What are the key benefits of establishing a multinational cash-pool in Luxembourg in that context?

First of all, based on Luxembourg domestic rules, interest paid out of Luxembourg, for instance by the Luxembourg pool-leader to the pool-members, should be exempt from WHT. Additionally, interest payments made by pool-members established within the EU, paid to a Luxembourg pool leader may be exempt from WHT based on the EU interest and royalty directive. In addition, Luxembourg has an extensive double tax treaty network providing at least for a reduced WHT on interest payments to a Luxembourg company.

What is the effect of a limited deductibility of interest in multinational cash-pooling?

Within a cash-pooling, the deductibility of interest expenses paid by the pool-leader to pool-members, or vice versa, might be limited for income tax purposes, whereas the corresponding income realized by the pool-members (or the pool-leader) would be taxable for the full amount.

The limited deductibility of interest expenses may be due to various reasons such as thin capitalization rules, interest barrier rules, CFC legislation and local anti-avoidance rules, or simply very stringent transfer pricing rules.

What is the benefit of Luxembourg in that respect?

Unlike some other European States, Luxembourg has not implemented interest barrier rules, local anti-avoidance rules or CFC legislation.  Interest expenses incurred by a Luxembourg pool-leader should therefore be deductible for Luxembourg income tax purposes, to the extent that the interest expenses are at arm’s length. 

Moreover, Luxembourg is a member of the European Union. As a consequence, CFC legislation or anti-avoidance rules existing in certain European States should not be applicable to interest payments made by pool-members located in these countries, to the extent the Luxembourg pool-leader has sufficient substance in Luxembourg.

Are there any planning opportunities to establish a cash-pool in Luxembourg?

Indeed. Establishing a cash-pool in Luxembourg might also give access to various planning opportunities.  A pool-leader established in Luxembourg may for instance be refinanced through tax efficient debt instruments.

 For example: tax losses carried forward by a Luxembourg company may, in principle, be used without any restrictions, except in certain abusive cases.  Tax losses may also be carried forward indefinitely.  As a consequence, by lodging the pool-leader of a multinational cash-pooling in a Luxembourg company that has tax losses, profits realized by the pool-leader may be completely offset with the tax losses available.

What is the future perspective of multinational cash-pooling in Luxembourg?

Luxembourg  has been an attractive location for the centralization of intra-group financing activities of multinational companies for many years and aims to continue to do so in the future:

The new Luxembourg government aims at further developing Luxembourg as prime location for headquarters, fully in line with OECD and EU principles of taxation. A first step will be the extension of existing governance and substance rules.
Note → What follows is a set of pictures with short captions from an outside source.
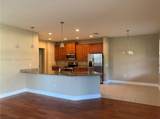 11016 Tahiti isle Ln - Photo 18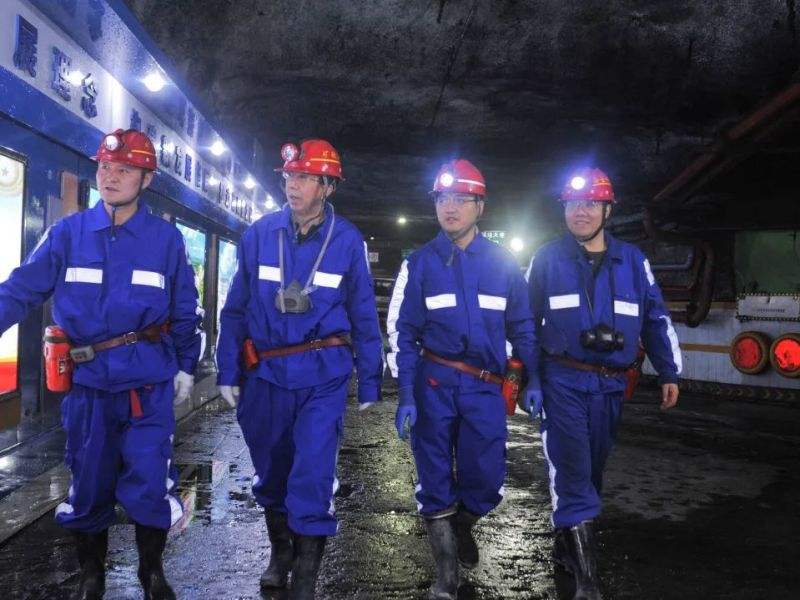 201700441790744355.jpg 640 (5).jpg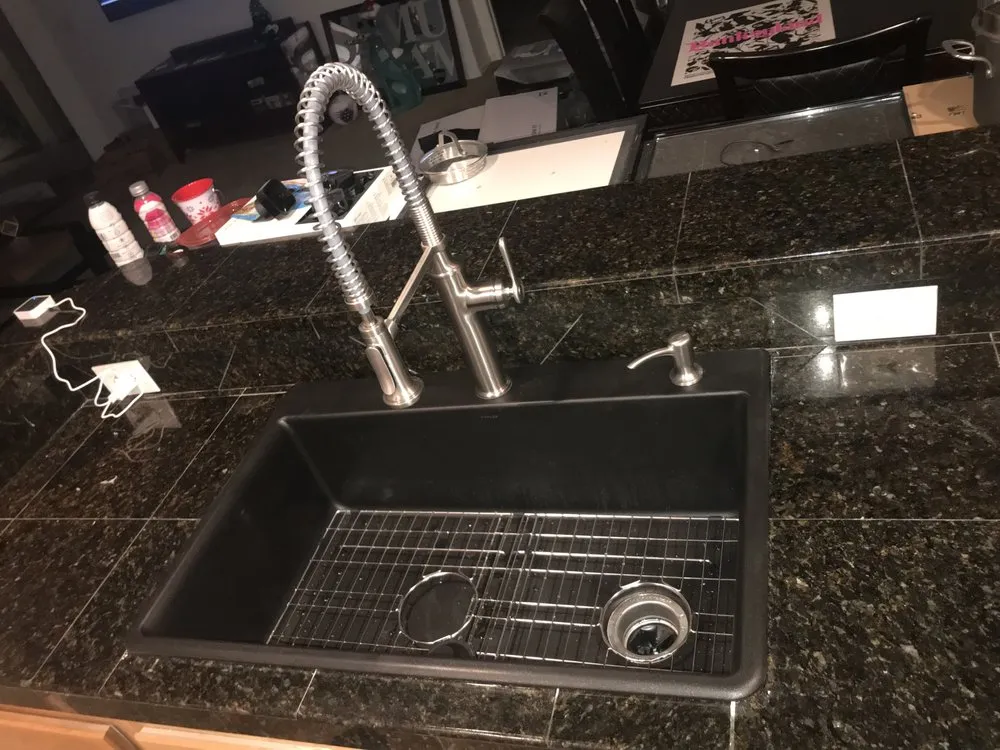 Slide of Socal Jetting And Drains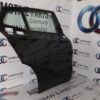 BMW X2 F39 Door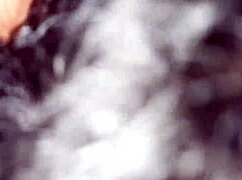 Let's play some anal games with assfucking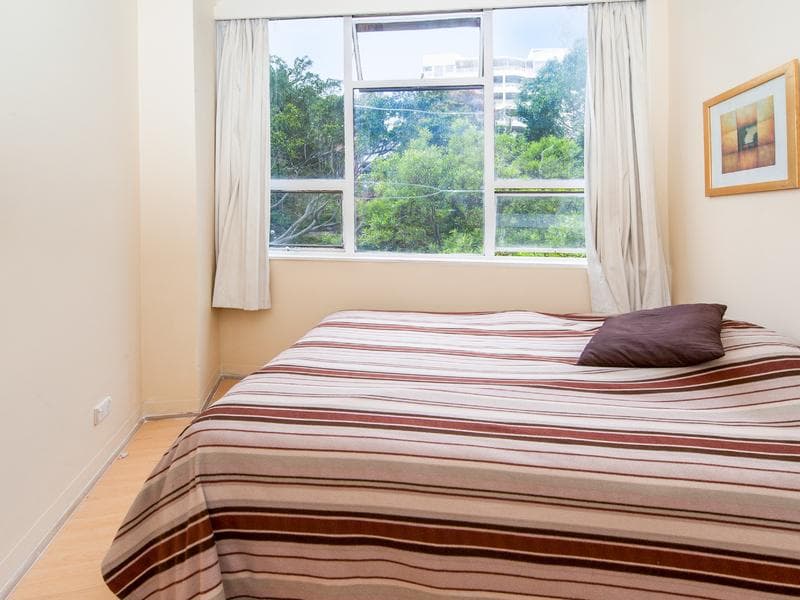 206/2b Mona Road, Darling Point, Darling Point - Thumbnail 3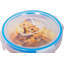 Ensemble de 24 contenants alimentaires Cunera-334187431
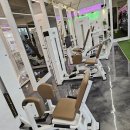 바디업휘트니스 이미지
The new government aspires to work out a comprehensive transfer pricing legislation and intends to further expand the existing Luxembourg tax treaty network

Additionally, the government refrains from participating to the introduction, of a European Financial Transaction Tax (FTT) currently proposed, but supports a worldwide FFT which would avoid any relocation of financial activities outside of the European Union.

Luxembourg has the ambition to develop itself as a center of excellence for headquarters of multinationals. An announced action plan is the introduction of a tax and legal framework for treasury activities (such as “cash pooling”).

In summary, Luxembourg is a very attractive location to establish the pool-leader of a multinational cash-pool. The Luxembourg tax framework in combination with the possibility of obtaining binding tax clearances provides a unique opportunity to enhance the financial and operational benefits arising from a multinational cash-pool.

Additionally, if cash management is combined with corporate finance, holding and even intellectual property management activities in Luxembourg, a multinational company may get the full benefit of Luxembourg’s tax framework.